En poussant la porte du bureau du conseiller à la sécurité nationale du président du Guyana, on ne s’imaginait pas surprendre une discussion aussi confidentielle. Hasard, ou mise en scène habile ? En ce début de mois de février, le capitaine Gerry Gouveia est en compagnie d’un représentant d’Ocea, un armateur français, pour négocier l’achat d’un patrouilleur équipé de fusils automatiques. Officiellement, le navire est destiné à lutter contre la pêche illégale, mais il pourrait aussi servir à surveiller une zone maritime riche en hydrocarbures située à 200 kilomètres des côtes de l’Essequibo, une région guyanienne dont le Venezuela revendique la souveraineté. Entre les deux pays voisins, la tension est montée d’un cran depuis que Caracas a organisé, le 3 décembre 2023, un référendum sur l’annexion de ce territoire disputé – approuvée par 95 % des Vénézuéliens –, avant de déployer avions de chasse et frégates militaires près de la frontière.

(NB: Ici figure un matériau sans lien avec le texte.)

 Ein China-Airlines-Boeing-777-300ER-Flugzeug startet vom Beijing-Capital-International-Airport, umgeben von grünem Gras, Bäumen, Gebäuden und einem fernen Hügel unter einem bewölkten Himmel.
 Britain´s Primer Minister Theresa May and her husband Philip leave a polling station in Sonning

Prix, délai, prêt à taux réduit accordé par l’Etat français… tous les détails sont discutés devant le journaliste du Monde. « Le contrat du patrouilleur est en bonne voie d’être signé », promet le conseiller en congédiant le représentant d’Ocea. Dans le palais présidentiel, à Georgetown, le bureau de M. Gouveia est tapissé de photos de cascades étincelantes, de forêts couleur émeraude et de couchers de soleil avec, en fond sonore, une douce mélodie de jazz…

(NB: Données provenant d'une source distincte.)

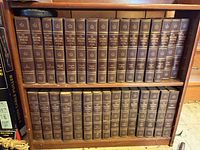 Full view of two shelves showing complete encyclopedia set volumes 1-30 and yearbooks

C’est bien connu : rien de tel qu’un contrat d’armement pour rapprocher les nations. Le Guyana, qui a augmenté en janvier son budget de défense annuel de 83 %, a déjà commandé un navire patrouilleur américain et, à la mi-mars, deux avions de transport de troupes Dornier indiens. D’autres contrats pourraient suivre pour du matériel de surveillance côtière, dont des drones. L’armée guyanienne ne se fait toutefois guère d’illusions : avec ses 5 000 hommes, elle ne fera pas le poids face aux 120 0000 soldats vénézuéliens. « Ce n’est pas la force en tant que telle qui nous intéresse, précise d’ailleurs M. Gouveia, nous investissons plutôt dans les systèmes de détection pour assurer notre sécurité. »

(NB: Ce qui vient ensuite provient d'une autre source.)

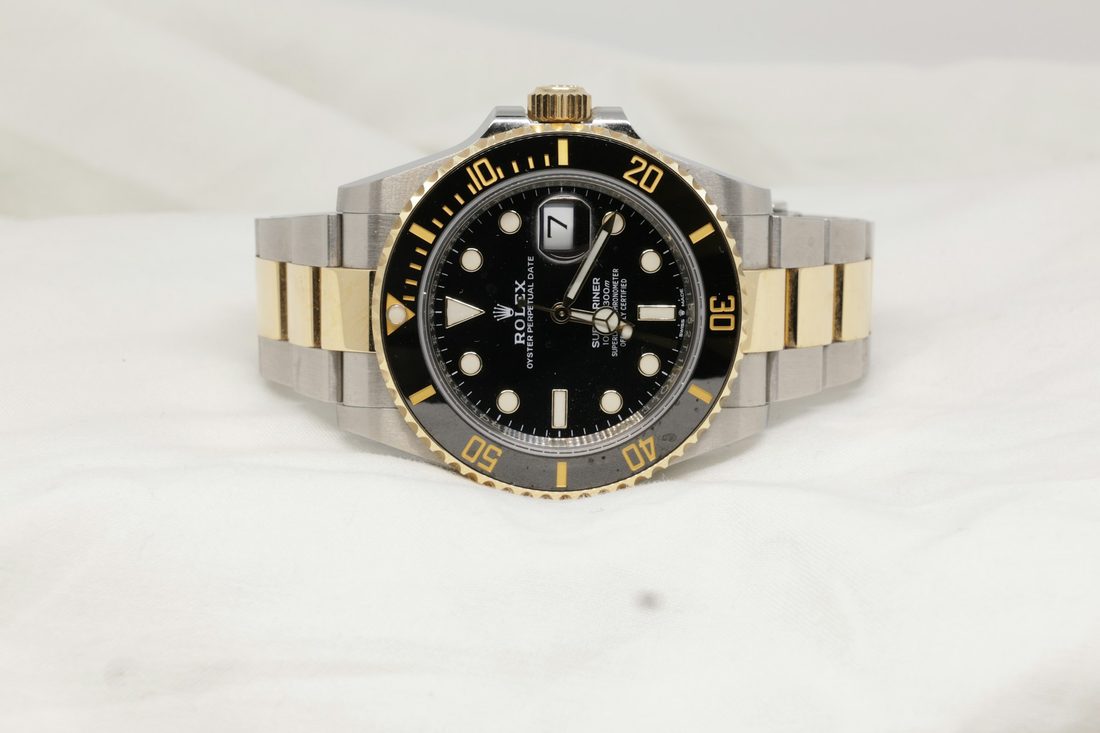 black Rolex laying on table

Une vieille dispute territoriale
La découverte de pétrole au large du Guyana, en 2015, a rallumé les braises d’un vieux conflit, apparu au milieu du XIXe siècle. A cette époque, le jeune Etat vénézuélien proteste contre le tracé de la frontière de la Guyane britannique, réalisé par l’explorateur Robert Hermann Schomburgk pour le compte du Royaume-Uni. Un accord d’arbitrage est trouvé à Paris, en 1899, mais il est remis en question par le Venezuela au moment de l’indépendance du Guyana, en 1966. « La seule manière de régler la dispute territoriale, c’est au tribunal, que le Venezuela fournisse toutes les preuves et plaide sa cause devant les juges qui décideront », insiste M. Gouveia. En 2018, Georgetown a saisi la Cour internationale de justice à La Haye pour régler le différend, mais Caracas réfute la compétence des juges dans cette affaire.